**STORED DATA**
↓
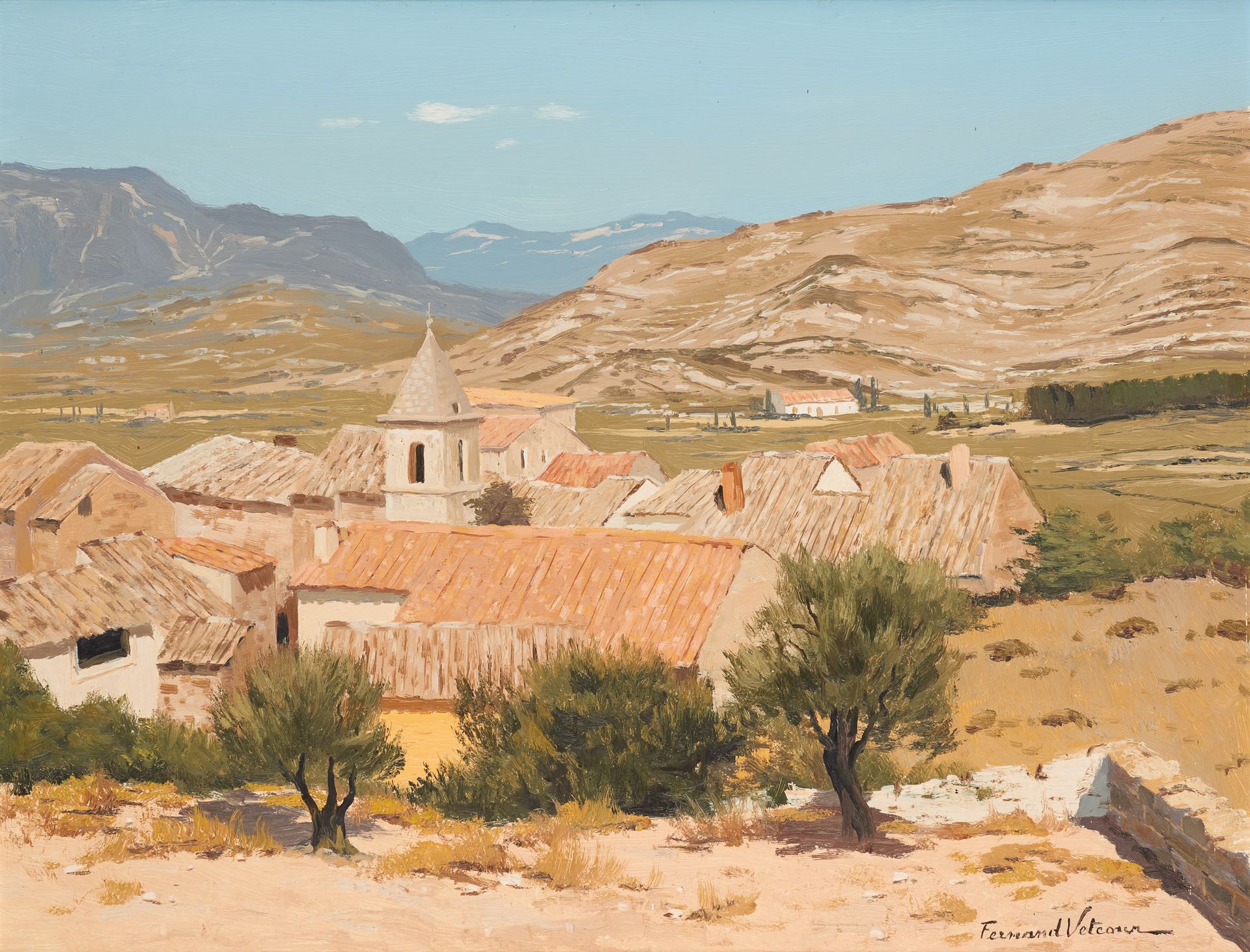 Fernand VETCOUR École belge (1908-2001) 板上油画：村上的风景。

签名：Fernand Vetcour。

尺寸：49,&hellip;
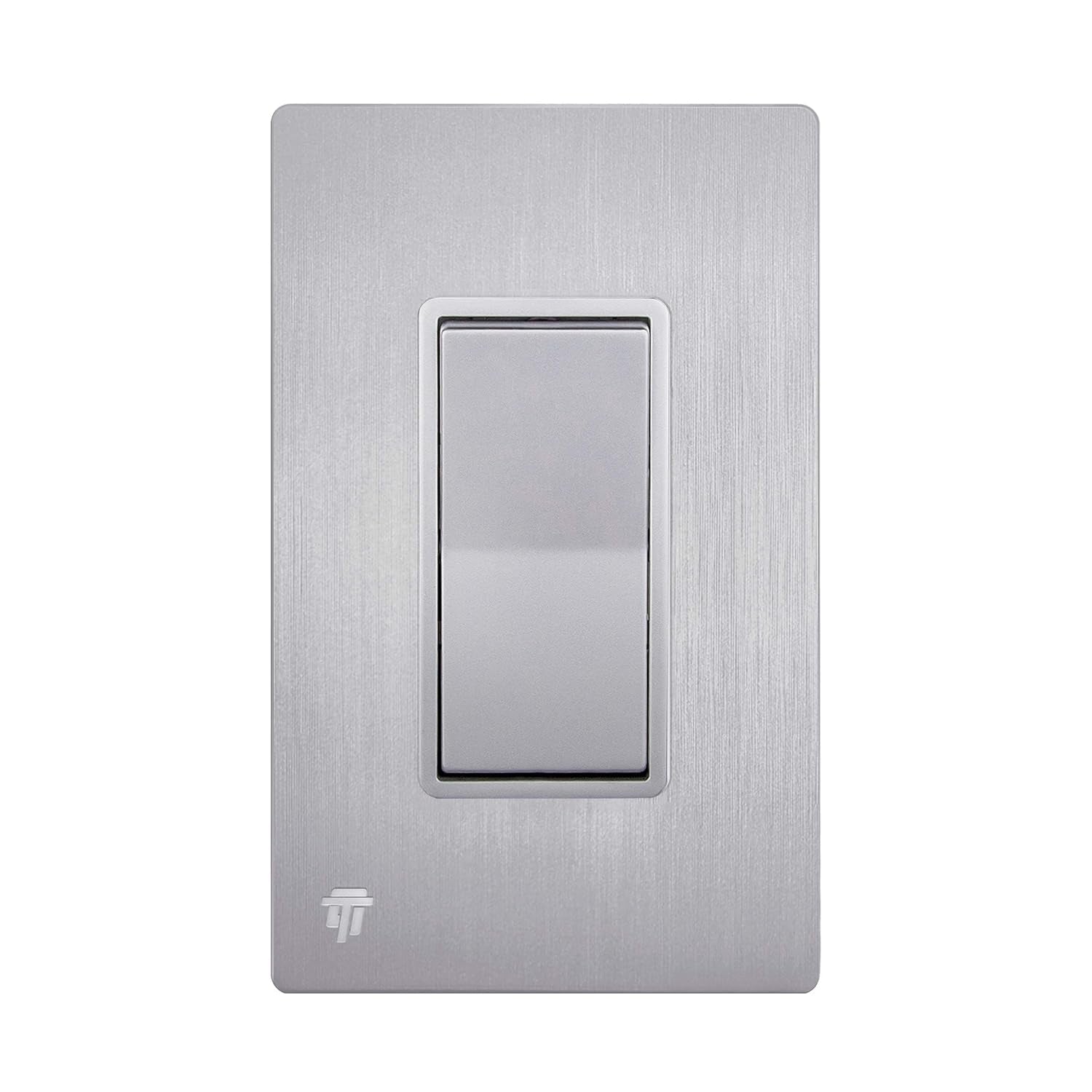 Brushed Silver Single Pole Decorator Light Switch, 15A, 1 Pack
↑
**WORK TO BE COMPLETED**
A faithful copy of all the lines above is needed, with the pictures omitted.

**SOLUTION FOR THIS PROBLEM**
 Fernand VETCOUR École belge (1908-2001) 板上油画：村上的风景。

签名：Fernand Vetcour。

尺寸：49,&hellip;
 Brushed Silver Single Pole Decorator Light Switch, 15A, 1 Pack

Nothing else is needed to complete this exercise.